Schools across the district are expected to gather teams who will identify students they think should return for in-person services.
Many special education students, for instance, have fallen behind in taking assessments used to evaluate their conditions. Students requiring assessments will likely be among the first who are invited back to campus.
What services look like for each student could vary greatly. Some might only return to take an assessment. Others should return for as much instruction as they need to get back on track, said Barrera.
“I think some portion of that group of students will be able to come back all day, every day,” he said.
Many experts have cautioned that online learning could exacerbate the already wide achievement gap that permeates public education. San Diego Unified’s plan, which brings back the district’s most vulnerable students first, is designed to mitigate that effect.
Parents should start to be notified during the second week of October whether their child will be invited back for in-person instruction, according to a document obtained by Voice of San Diego that was shared with one school.
During phase one, as district leaders have called it, only students in transitional kindergarten through fifth grade will be allowed to return. Students in third grade and lower will be allowed to congregate in groups no larger than six. Students in fourth and fifth grade may meet in groups with up to eight students.

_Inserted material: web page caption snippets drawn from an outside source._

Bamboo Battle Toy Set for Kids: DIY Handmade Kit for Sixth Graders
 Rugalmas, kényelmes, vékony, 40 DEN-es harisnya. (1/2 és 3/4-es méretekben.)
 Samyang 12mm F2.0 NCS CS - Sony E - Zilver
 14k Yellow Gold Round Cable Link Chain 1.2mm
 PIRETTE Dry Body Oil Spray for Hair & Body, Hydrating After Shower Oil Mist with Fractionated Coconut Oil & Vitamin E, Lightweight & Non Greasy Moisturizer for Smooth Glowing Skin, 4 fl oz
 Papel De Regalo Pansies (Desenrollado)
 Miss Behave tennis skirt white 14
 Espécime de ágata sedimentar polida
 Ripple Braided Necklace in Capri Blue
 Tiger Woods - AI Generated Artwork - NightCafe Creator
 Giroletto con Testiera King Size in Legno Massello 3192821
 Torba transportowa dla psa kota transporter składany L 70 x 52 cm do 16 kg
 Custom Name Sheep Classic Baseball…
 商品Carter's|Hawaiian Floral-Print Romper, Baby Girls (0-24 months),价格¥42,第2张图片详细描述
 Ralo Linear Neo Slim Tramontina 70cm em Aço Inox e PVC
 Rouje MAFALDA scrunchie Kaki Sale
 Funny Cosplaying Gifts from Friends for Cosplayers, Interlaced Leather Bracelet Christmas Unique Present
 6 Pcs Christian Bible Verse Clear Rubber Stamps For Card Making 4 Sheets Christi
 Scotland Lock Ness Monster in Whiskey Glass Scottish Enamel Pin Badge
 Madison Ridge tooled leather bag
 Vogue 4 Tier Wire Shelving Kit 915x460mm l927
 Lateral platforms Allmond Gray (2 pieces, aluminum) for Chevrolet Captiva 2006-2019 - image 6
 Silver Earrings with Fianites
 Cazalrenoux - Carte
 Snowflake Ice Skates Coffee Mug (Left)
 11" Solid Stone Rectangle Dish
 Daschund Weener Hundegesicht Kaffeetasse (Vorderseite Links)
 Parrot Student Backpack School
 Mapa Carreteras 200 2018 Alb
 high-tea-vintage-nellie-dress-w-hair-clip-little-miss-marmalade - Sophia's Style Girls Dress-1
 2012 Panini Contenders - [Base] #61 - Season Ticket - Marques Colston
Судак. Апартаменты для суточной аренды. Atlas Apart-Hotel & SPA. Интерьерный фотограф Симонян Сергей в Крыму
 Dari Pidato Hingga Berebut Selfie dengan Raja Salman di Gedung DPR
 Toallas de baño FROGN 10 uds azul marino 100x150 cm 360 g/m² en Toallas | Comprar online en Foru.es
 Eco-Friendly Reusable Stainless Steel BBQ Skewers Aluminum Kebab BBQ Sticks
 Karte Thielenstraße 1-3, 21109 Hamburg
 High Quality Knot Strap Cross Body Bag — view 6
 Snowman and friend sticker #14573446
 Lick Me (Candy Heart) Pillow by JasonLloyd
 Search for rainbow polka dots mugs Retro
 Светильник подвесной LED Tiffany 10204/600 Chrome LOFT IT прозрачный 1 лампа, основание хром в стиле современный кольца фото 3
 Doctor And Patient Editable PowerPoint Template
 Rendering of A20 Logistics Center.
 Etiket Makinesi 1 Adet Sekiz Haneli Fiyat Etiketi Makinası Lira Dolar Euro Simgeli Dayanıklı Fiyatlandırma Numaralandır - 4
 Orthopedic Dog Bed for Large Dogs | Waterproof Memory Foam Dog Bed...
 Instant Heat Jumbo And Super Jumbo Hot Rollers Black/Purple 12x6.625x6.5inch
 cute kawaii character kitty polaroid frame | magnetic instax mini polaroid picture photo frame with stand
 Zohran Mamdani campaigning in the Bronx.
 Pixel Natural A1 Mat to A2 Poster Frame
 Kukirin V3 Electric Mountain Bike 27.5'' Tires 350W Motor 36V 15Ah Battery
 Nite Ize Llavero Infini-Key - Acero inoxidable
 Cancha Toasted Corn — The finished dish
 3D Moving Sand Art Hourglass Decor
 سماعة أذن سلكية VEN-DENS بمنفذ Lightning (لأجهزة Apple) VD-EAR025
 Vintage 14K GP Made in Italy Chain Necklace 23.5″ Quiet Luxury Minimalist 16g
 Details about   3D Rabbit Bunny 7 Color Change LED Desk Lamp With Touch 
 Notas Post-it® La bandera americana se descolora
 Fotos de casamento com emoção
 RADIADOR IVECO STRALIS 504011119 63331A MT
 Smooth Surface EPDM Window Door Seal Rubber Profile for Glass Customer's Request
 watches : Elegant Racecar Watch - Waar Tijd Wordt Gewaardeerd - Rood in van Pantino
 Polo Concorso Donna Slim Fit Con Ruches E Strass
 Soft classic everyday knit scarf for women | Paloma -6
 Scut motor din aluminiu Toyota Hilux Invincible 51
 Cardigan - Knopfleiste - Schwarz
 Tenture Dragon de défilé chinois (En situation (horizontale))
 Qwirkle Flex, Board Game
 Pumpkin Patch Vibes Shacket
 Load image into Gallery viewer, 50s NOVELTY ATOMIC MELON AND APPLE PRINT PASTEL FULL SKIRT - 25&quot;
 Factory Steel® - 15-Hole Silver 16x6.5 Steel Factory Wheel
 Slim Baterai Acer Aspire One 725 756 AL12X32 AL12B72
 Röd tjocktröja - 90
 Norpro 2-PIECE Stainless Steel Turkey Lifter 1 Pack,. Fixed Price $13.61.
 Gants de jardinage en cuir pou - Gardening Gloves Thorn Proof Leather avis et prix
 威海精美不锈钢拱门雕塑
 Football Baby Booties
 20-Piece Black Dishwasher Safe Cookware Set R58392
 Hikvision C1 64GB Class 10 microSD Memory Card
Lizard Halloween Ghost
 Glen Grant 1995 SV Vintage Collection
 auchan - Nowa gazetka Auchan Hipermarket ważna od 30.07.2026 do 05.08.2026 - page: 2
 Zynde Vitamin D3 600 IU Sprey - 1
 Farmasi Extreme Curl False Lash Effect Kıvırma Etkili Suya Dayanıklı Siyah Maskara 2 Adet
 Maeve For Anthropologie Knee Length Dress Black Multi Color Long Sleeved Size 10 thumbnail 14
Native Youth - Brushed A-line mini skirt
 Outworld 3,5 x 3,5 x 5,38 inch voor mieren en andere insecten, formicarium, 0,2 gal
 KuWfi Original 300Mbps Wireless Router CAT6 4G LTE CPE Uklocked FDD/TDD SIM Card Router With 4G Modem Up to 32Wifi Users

Phase two of the district’s reopening will be similar but will include middle and high school students. It also will include all elementary students, said Barrera. It might, however, mean that all elementary students come back one or two days per week, rather than every day.
Barrera said phase two might begin as soon as November. But then again, he cautioned, if phase one doesn’t go well, phase two could be much further off.
Phase one will involve “testing out all the mitigation factors we’re gonna have in place and making sure it works well – everything from PPE to ventilation to temperature check,” he said.